___ Given information ___

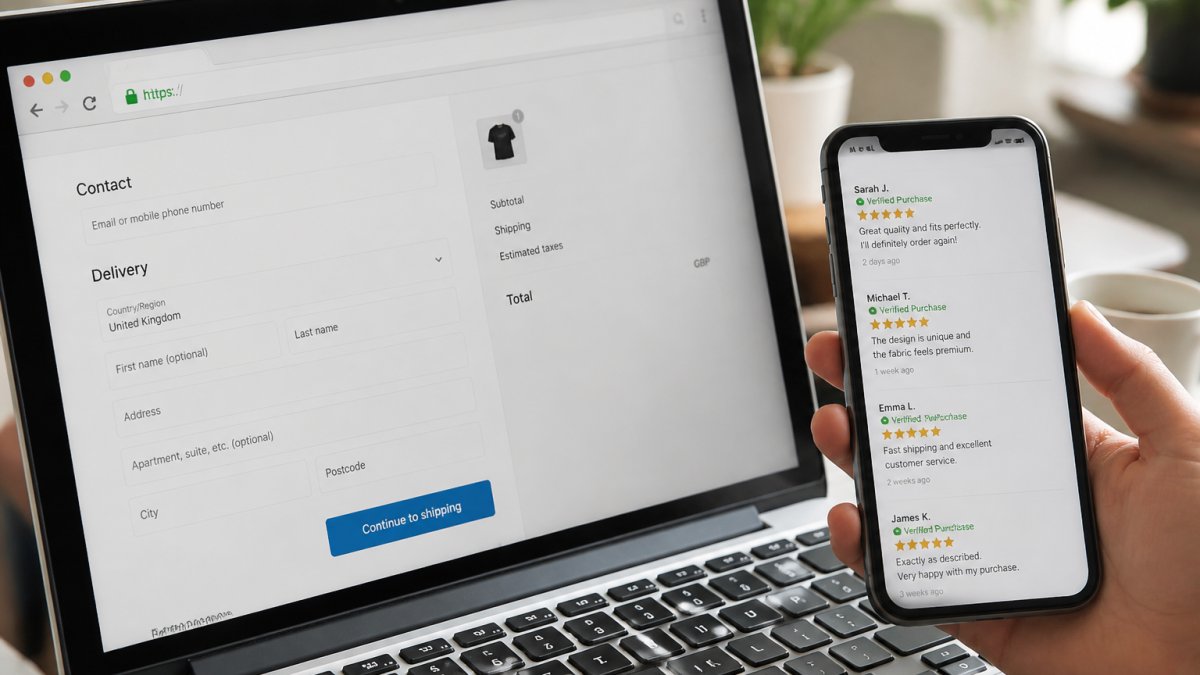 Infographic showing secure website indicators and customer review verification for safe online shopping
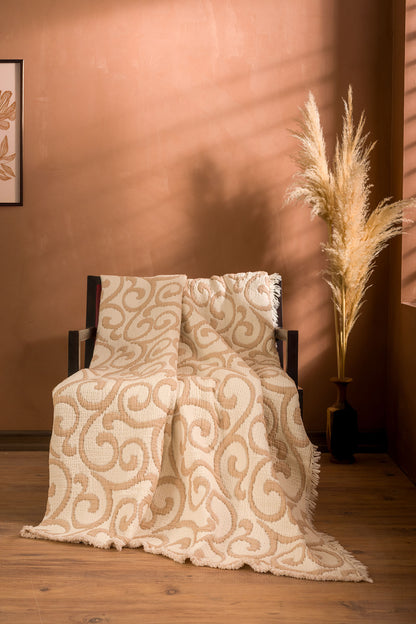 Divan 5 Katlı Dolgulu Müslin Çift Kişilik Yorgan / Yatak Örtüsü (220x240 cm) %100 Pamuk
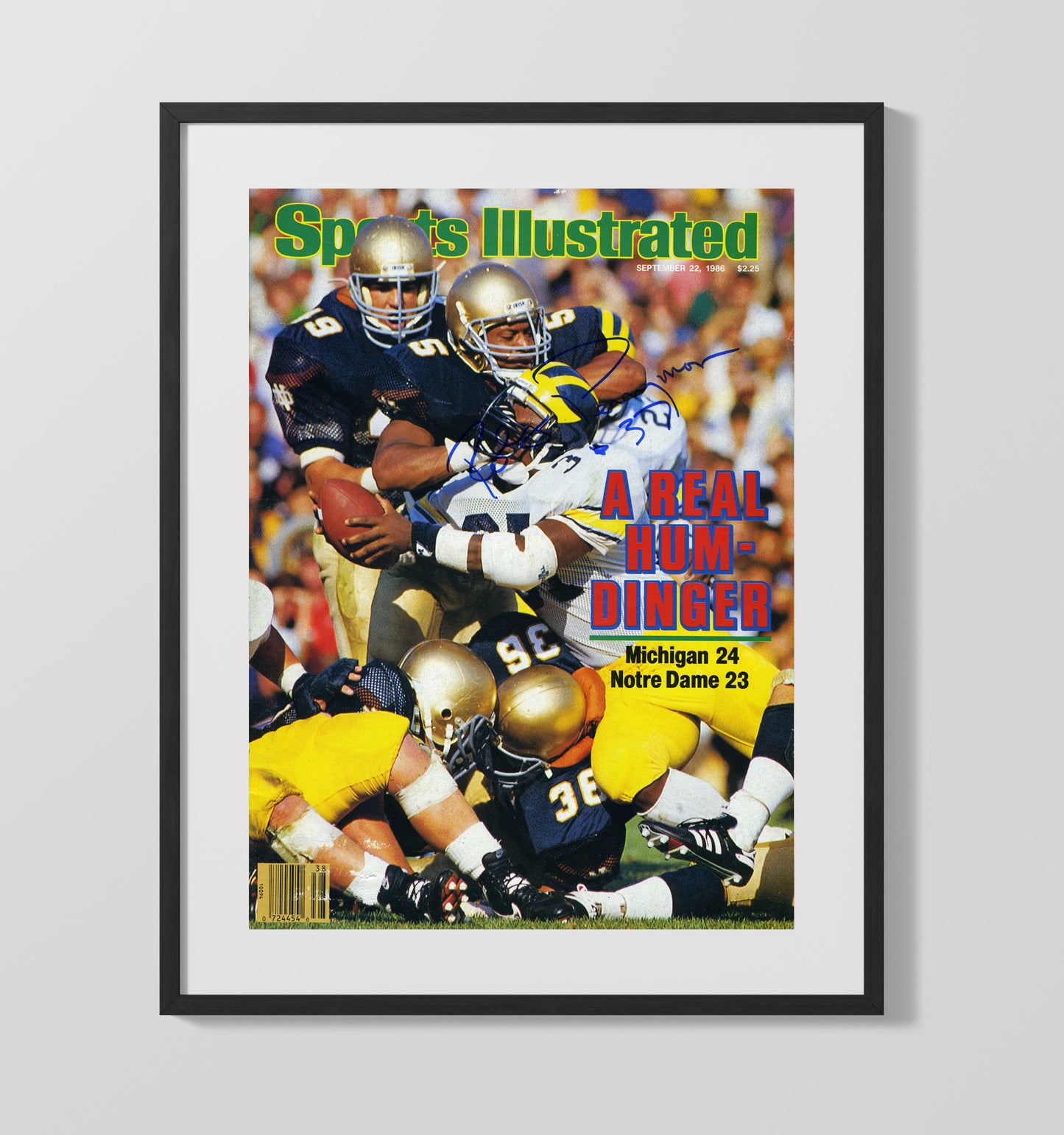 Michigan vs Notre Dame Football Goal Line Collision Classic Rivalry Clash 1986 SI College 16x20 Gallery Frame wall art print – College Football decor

___

**Work request**
Leave the pictures out and please restate exactly the lines running from the start of the material through the one with "Divan 5 Katlı".

**Solution to this problem**
 Infographic showing secure website indicators and customer review verification for safe online shopping
 Divan 5 Katlı Dolgulu Müslin Çift Kişilik Yorgan / Yatak Örtüsü (220x240 cm) %100 Pamuk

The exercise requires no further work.